La questione non è di poco conto. Hillary Clinton parla di accordi inesistenti sulla base di “verifiche” presso la passata amministrazione: la fonte sarebbe Daniel Kurtzer, ambasciatore di George W. Bush in Israele ed in seguito sostenitore di Barack Obama. In questa direzione, poi, vanno anche svariate dichiarazioni dell’ex sottosegretario Condoleezza Rice: in occasione delle frequenti visite in Medio Oriente nella fase preparatoria della conferenza di Annapolis, la Rice ha sempre sostenuto la necessità del blocco degli insediamenti. Le fonti di Liberman, secondo quanto riportato dal “Jerusalem Post”, sarebbero invece alti funzionari israeliani come l’ex consulente per la sicurezza nazionale Elliott Abrams e l’ex capo dello staff di Ariel Sharon Dov Weisglass: entrambi avrebbero fatto riferimento a “taciti accordi” sugli insediamenti tra il governo Olmert e l’amministrazione Bush.
L’incontro-scontro tra Lieberman e la Clinton si colloca nel difficile contesto dei rapporti tra i nuovi governi di Gerusalemme e Washington. Se la questione degli insediamenti rappresenta il primo grande (e concreto) ostacolo all’avvio di nuove trattative tra israeliani e palestinesi, ai piani più alti nelle ultime settimane sembra essere tornato un po’ di sereno. Dopo l’incontro “glaciale” tra il presidente Obama e il premier israeliano Netanyahu alla Casa Bianca, i rapporti tra due leader sembrano in via di distensione. Il discorso di Obama all’Università del Cairo, accettato dal governo israeliano nel suo impianto generale, e quello di Netanyahu all’Università di Bar-Ilan, possono essere considerati un momento di 'riconciliazione' nonostante restino delle differenze di impostazione. Grazie a Netanyahu, per la prima volta il Likud ha riconosciuto la possibilità dell'esistenza di uno Stato palestinese, “demilitarizzato” e che riconosca Israele come “Stato ebraico”.

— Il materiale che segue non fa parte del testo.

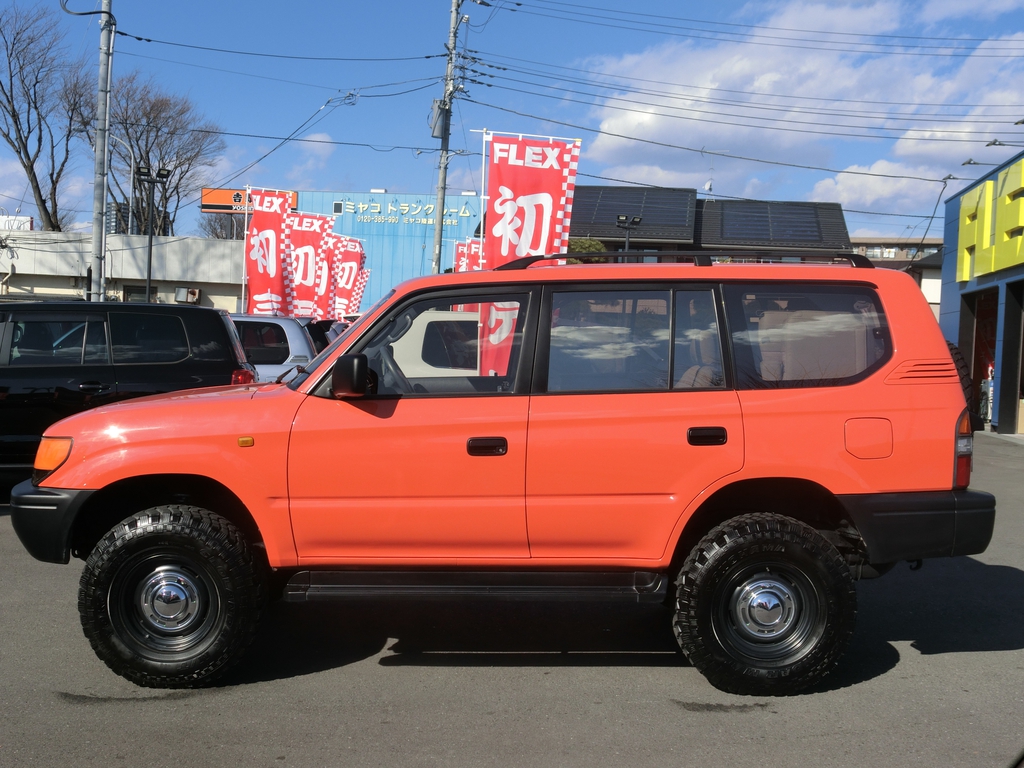 程良い車高の2インチリフトアップ！やり過ぎず、控え目すぎずのスタイル！！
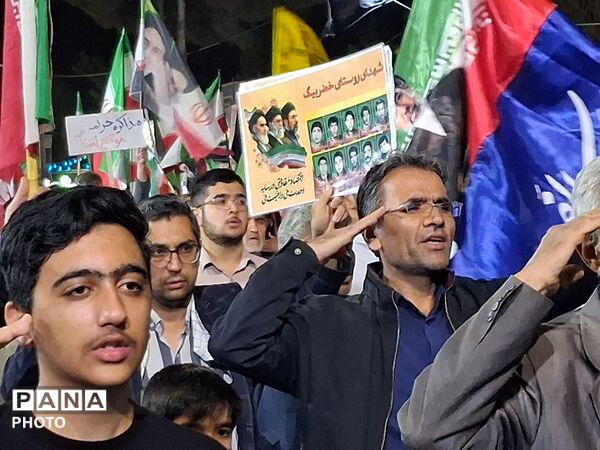 کاشمری ها با احترام نظامی به استقبال سرود جمهوری اسلامی رفتند 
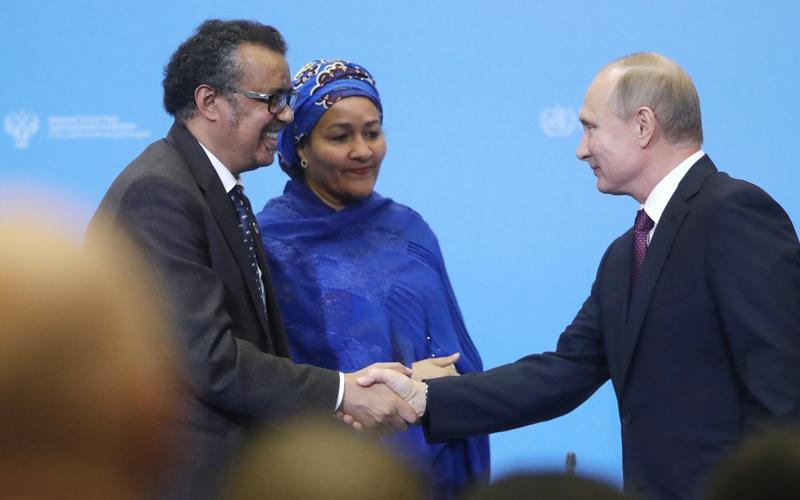 Presedintele OMS, Tedros Adhanom, si Vladimir Putin, Foto: Mikhail Metzel / TASS / Profimedia Images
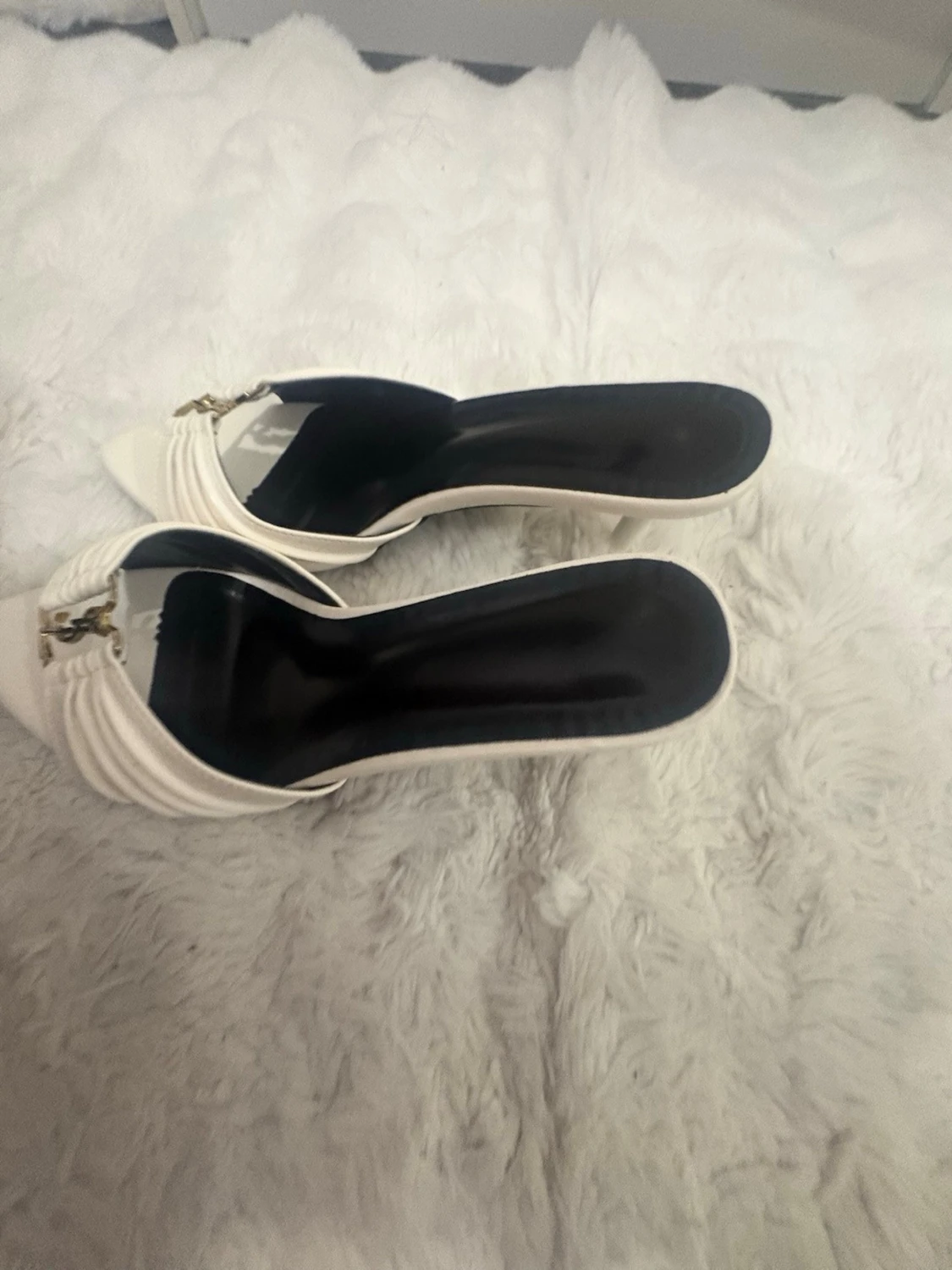 Vita spetsiga pumps med gulddetalj - 2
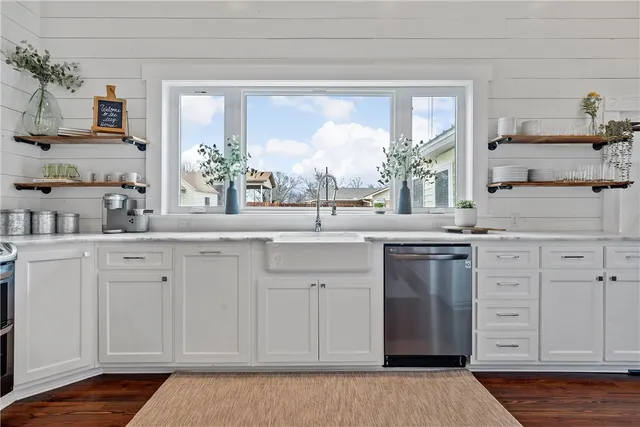 $399,900 | 367 Illinois Avenue, China Spring, TX 76633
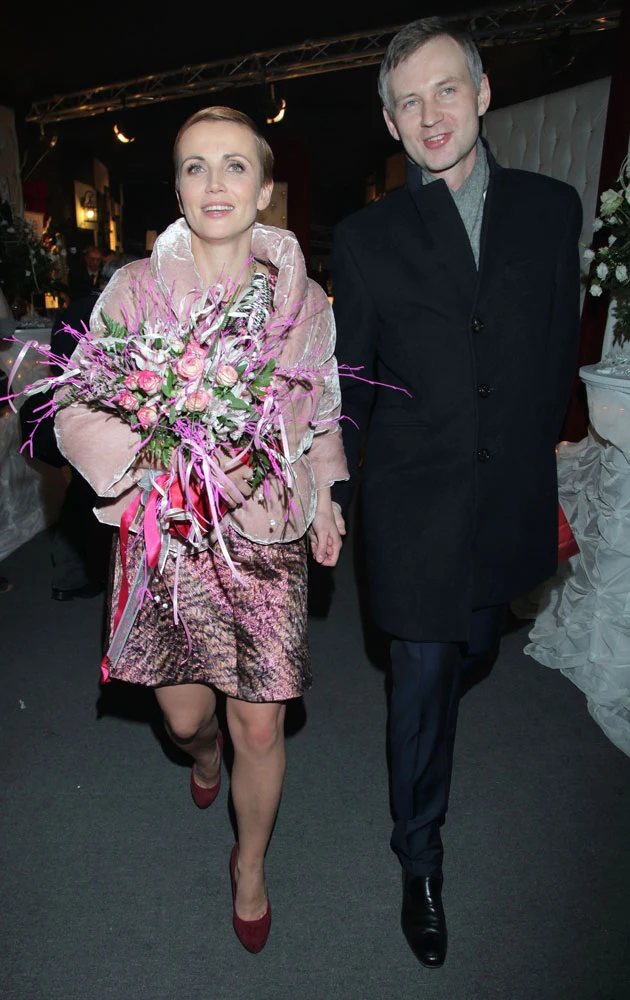 Tegorocznego Sylwestra Kasia spędzi w pracy. Cała gaża pójdzie na wydatki związane z weselem Tegorocznego Sylwestra Kasia spędzi w pracy. Cała gaża pójdzie na wydatki związane z weselem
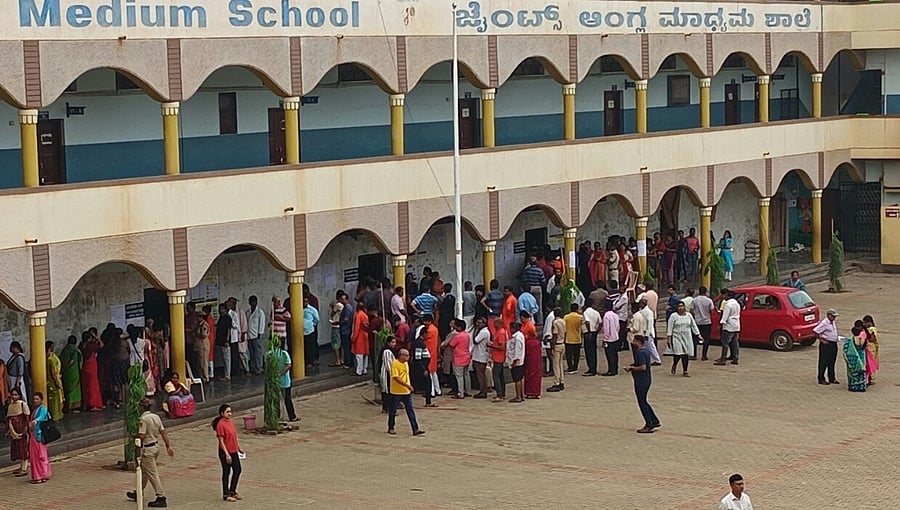 ವಿಧಾನಸಭೆ ಚನಾವಣೆ 2023: ರಾಜ್ಯದ ಎಲ್ಲಾ 224 ಕ್ಷೇತ್ರಗಳಲ್ಲಿ ಮತದಾನ ಆರಂಭ, ಉದಾಸೀನ ಬೇಡ, ತಪ್ಪದೇ ಹಕ್ಕು ಚಲಾಯಿಸಿ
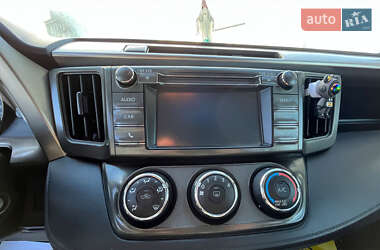 Внедорожник / Кроссовер Toyota RAV4 2015 в 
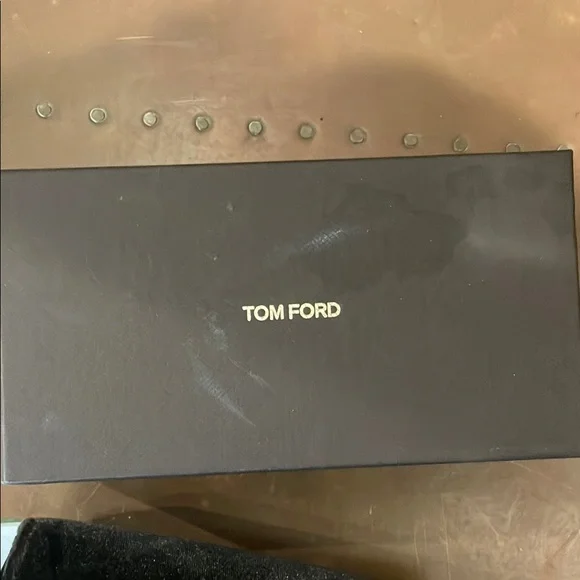 Tom Ford sunglasses box and a case - Picture 5 of 7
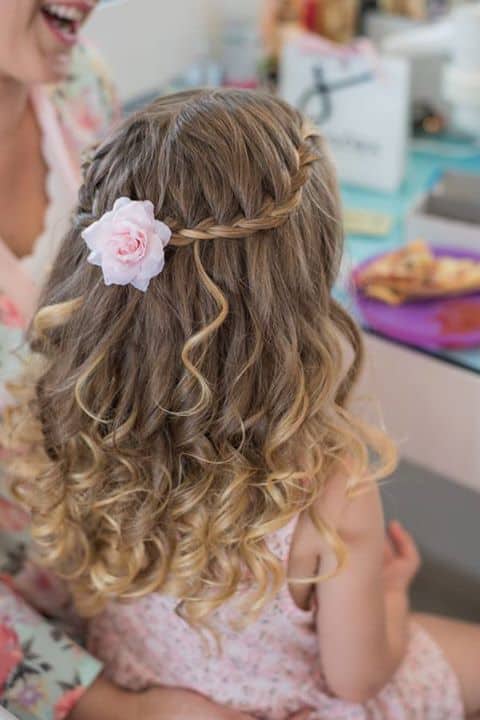 penteado para daminha de honra cabelo cacheado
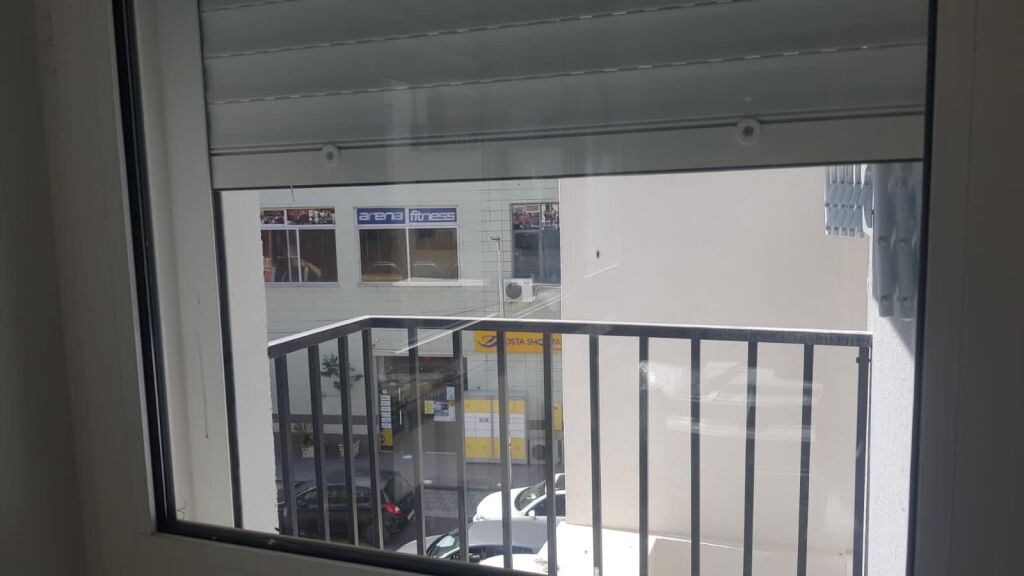 1+1,i mobiluar afer kika 2 komune e parisit,700 euro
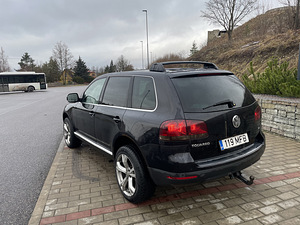 Volkswagen Touareg 2.5tdi atm ÜV 07.26 (4 foto / 5)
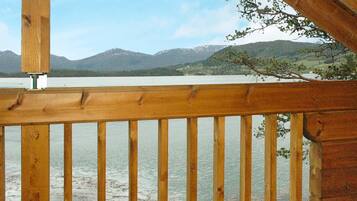 House | Lake view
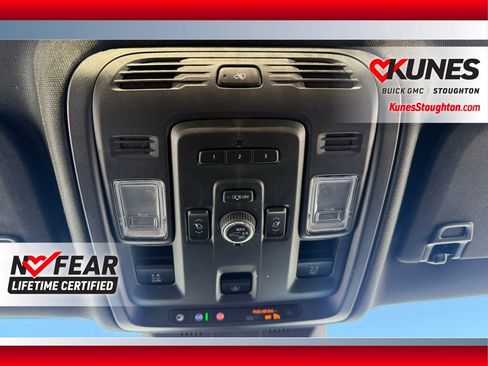 Used 2024 Cadillac Escalade ESV Premium Luxury image 37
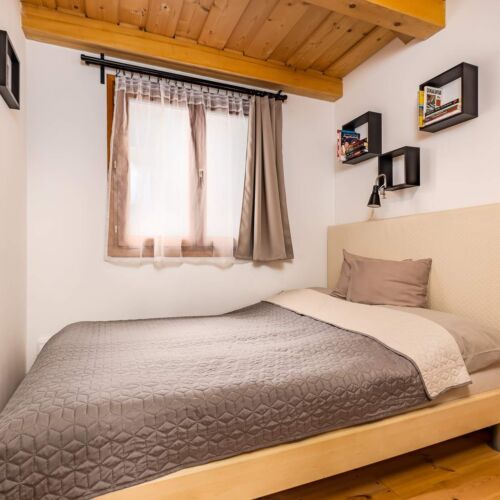 Panoramic Whole House Apartment for 2 Persons (extra beds available)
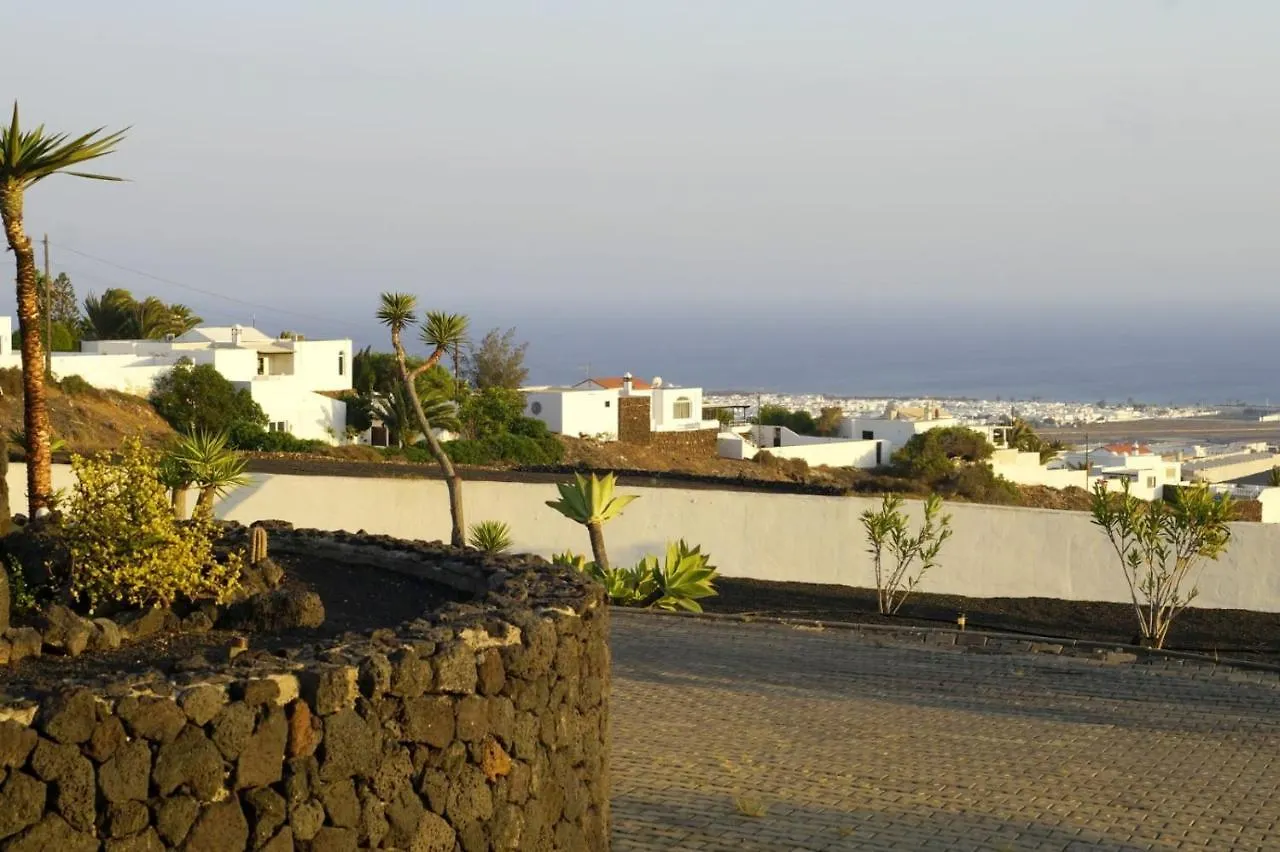 Villa Feliza Güime 0*,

Ma per Netanyahu la questione degli insediamenti – unitamente alla soluzione dei due popoli per due Stati – non rappresenta solo un problema di politica estera e diplomazia internazionale. Il premier deve fare i conti con la popolazione israeliana e con una fragile coalizione di governo: è per questo che molti analisti hanno letto il discorso di Bar-Ilan come un appello ai propri concittadini, più che come risposta indiretta ad Obama. Secondo i primi sondaggi, l’accettazione di uno Stato palestinese – fortemente contrastato dalla destra estrema di Lieberman – avrebbe notevolmente innalzato il gradimento popolare nei confronti del premier in carica.
Resta tutto da gestire il rapporto con Lieberman che si trova a convivere nello stesso governo con Ehud Barak: il leader dei laburisti e ministro della Difesa, politicamente agli antipodi rispetto al ministro degli Esteri, preme per un immediato congelamento degli insediamenti (una posizione sostenuta anche dal presidente Shimon Peres). Ad appesantire il clima, concorre poi il fatto che Kadima – il partito guidato da Tzipi Livni, che ha ottenuto la maggioranza relativa dei seggi – siede all’opposizione e non fa sconti al governo. Per non parlare delle voci, mai sopite, secondo cui Obama e la sua amministrazione spingerebbero per la caduta del governo Netanyahu giudicato troppo di destra per sedersi al tavolo delle trattative con l’Anp di Abu Mazen.